Porque llegan dos equipos heridos. Pero no con la misma urgencia. El conjunto andaluz, colista (2-21), juega cada partido como una última bala. El equipo leridano, decimotercero (8-15), necesita cortar una dinámica que empieza a pesar más en lo emocional que en lo clasificatorio. Y ahí está la clave.

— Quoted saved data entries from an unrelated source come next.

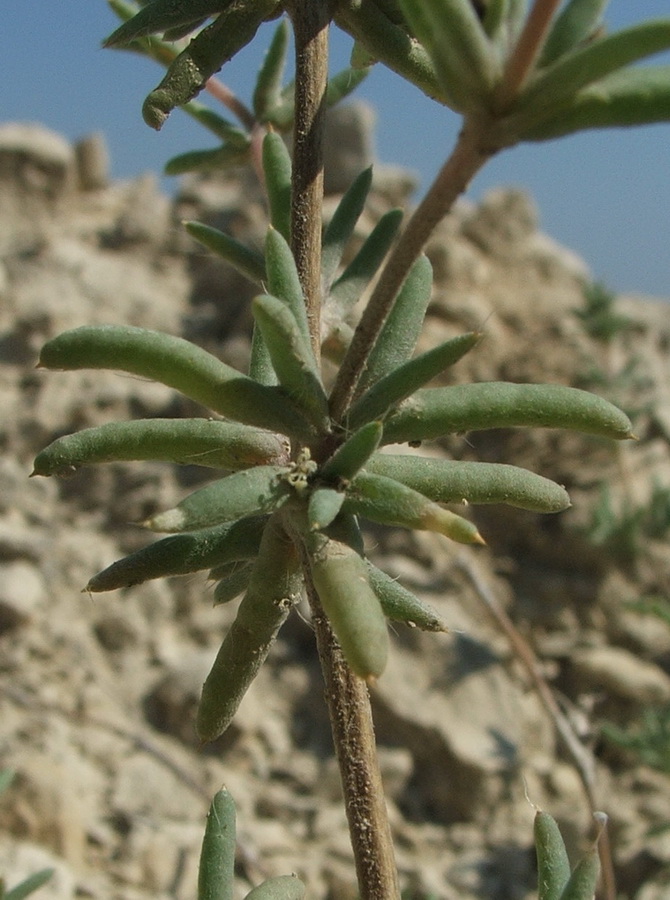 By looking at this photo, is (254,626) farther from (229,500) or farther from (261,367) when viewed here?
(261,367)

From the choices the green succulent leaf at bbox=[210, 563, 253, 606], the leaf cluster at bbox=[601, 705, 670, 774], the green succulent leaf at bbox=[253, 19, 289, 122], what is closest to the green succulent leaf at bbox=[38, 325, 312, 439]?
the green succulent leaf at bbox=[210, 563, 253, 606]

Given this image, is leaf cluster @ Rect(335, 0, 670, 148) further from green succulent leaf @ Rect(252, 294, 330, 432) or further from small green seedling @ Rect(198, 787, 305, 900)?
small green seedling @ Rect(198, 787, 305, 900)

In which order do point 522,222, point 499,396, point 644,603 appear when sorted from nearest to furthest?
point 499,396
point 644,603
point 522,222

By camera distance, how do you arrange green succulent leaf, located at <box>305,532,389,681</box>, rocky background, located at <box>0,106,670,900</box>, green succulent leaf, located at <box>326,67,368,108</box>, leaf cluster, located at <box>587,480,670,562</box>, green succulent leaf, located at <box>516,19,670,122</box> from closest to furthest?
1. green succulent leaf, located at <box>516,19,670,122</box>
2. green succulent leaf, located at <box>305,532,389,681</box>
3. green succulent leaf, located at <box>326,67,368,108</box>
4. rocky background, located at <box>0,106,670,900</box>
5. leaf cluster, located at <box>587,480,670,562</box>

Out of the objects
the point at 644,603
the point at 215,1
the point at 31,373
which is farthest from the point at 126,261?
the point at 215,1

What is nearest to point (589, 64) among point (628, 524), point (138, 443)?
point (138, 443)

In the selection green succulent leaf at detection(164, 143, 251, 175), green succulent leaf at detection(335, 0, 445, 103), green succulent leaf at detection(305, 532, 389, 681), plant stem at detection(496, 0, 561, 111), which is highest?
green succulent leaf at detection(335, 0, 445, 103)

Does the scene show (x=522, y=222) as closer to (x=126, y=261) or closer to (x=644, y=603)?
(x=126, y=261) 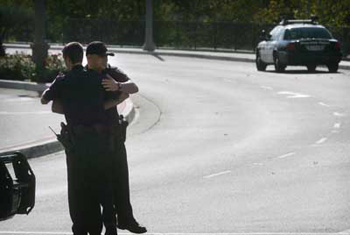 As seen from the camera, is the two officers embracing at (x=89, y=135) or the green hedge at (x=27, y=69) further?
the green hedge at (x=27, y=69)

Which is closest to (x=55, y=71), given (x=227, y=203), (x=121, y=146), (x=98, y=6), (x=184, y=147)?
(x=184, y=147)

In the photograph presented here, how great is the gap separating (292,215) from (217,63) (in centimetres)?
3488

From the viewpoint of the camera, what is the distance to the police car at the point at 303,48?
36.6 meters

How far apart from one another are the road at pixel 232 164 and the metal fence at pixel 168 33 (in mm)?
22848

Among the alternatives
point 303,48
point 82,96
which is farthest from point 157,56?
point 82,96

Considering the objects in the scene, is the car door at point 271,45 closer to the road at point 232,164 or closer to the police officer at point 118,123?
the road at point 232,164

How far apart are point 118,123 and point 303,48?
27.8 metres

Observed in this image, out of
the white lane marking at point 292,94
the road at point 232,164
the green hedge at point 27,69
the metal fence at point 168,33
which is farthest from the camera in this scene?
the metal fence at point 168,33

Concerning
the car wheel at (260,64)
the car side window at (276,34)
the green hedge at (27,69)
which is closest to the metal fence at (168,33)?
the car wheel at (260,64)

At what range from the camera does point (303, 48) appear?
120ft

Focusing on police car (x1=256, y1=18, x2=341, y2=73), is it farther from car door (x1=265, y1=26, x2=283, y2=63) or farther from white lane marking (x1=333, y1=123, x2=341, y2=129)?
white lane marking (x1=333, y1=123, x2=341, y2=129)

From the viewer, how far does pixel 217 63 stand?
4572 centimetres

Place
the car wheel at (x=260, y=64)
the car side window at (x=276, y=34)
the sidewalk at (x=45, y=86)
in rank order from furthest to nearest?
the car wheel at (x=260, y=64), the car side window at (x=276, y=34), the sidewalk at (x=45, y=86)

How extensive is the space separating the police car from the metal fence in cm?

El Hiopos Lleida aterriza en Granada tras cinco derrotas consecutivas, la última especialmente dolorosa ante el Asisa Joventut, en un partido que tuvo ganado y dejó escapar en los minutos finales. No fue solo una derrota más. Fue un golpe directo a la confianza. Pero el baloncesto no espera a que te recompongas. El equipo de Gerard Encuentra necesita volver a reconocerse. Volver a esa versión que compite desde la defensa, que baja el ritmo cuando el partido lo exige y que sabe jugar con criterio en los momentos calientes. Porque los números lo dicen todo: 81,9 puntos a favor, 88,1 en contra. Cuando el partido se abre, el Lleida sufre.
Un rival al límite, pero con talento
El Coviran Granada puede mirar la clasificación y parecer un rival accesible. Pero eso sería un error de lectura. Es un equipo que anota prácticamente lo mismo que el Lleida (80,7 puntos), pero que paga caro cada desajuste defensivo (91,5 encajados). Sin embargo, tiene nombres capaces de cambiar el partido en un tramo corto. Luka Bozic, referencia absoluta (20,6 de valoración), es ese jugador que siempre encuentra una solución. Mike Thomas, máximo anotador (14,6), aporta puntos cuando el ataque se atasca. Y en la pintura, Zach Hankins (6,6 rebotes) puede marcar diferencias si el partido se ensucia. No es un equipo muerto. Es un equipo al límite. Y eso lo hace peligroso.
Las claves: ritmo, control y cabeza
El guión del partido parece claro… pero ejecutarlo es otra historia. Si el Hiopos Lleida consigue imponer un ritmo controlado, minimizar pérdidas (14,5 de media) y cerrar el rebote defensivo, tendrá mucho ganado. Porque en estático, el equipo de Encuentra sabe competir. Pero si el partido se rompe, si se convierte en un intercambio constante de canastas, el escenario se iguala. Y ahí, el factor emocional puede jugar en contra. El Lleida necesita cabeza. Y necesita carácter.
Una oportunidad que no se puede dejar pasar
Hay partidos que suman. Y hay partidos que marcan el rumbo. Este es uno de los segundos. El Hiopos Lleida ha demostrado esta temporada que puede competir contra cualquiera. Lo hizo en pistas grandes, en escenarios exigentes. Pero ahora necesita demostrar algo distinto: saber ganar cuando debe hacerlo. Porque el margen empieza a estrecharse. Porque la dinámica pesa. Porque la confianza también se entrena… ganando. El duelo en Granada no será brillante. No será cómodo. Seguramente tampoco será bonito. Pero puede ser necesario. Y en este punto de la temporada, eso vale más que cualquier otra cosa.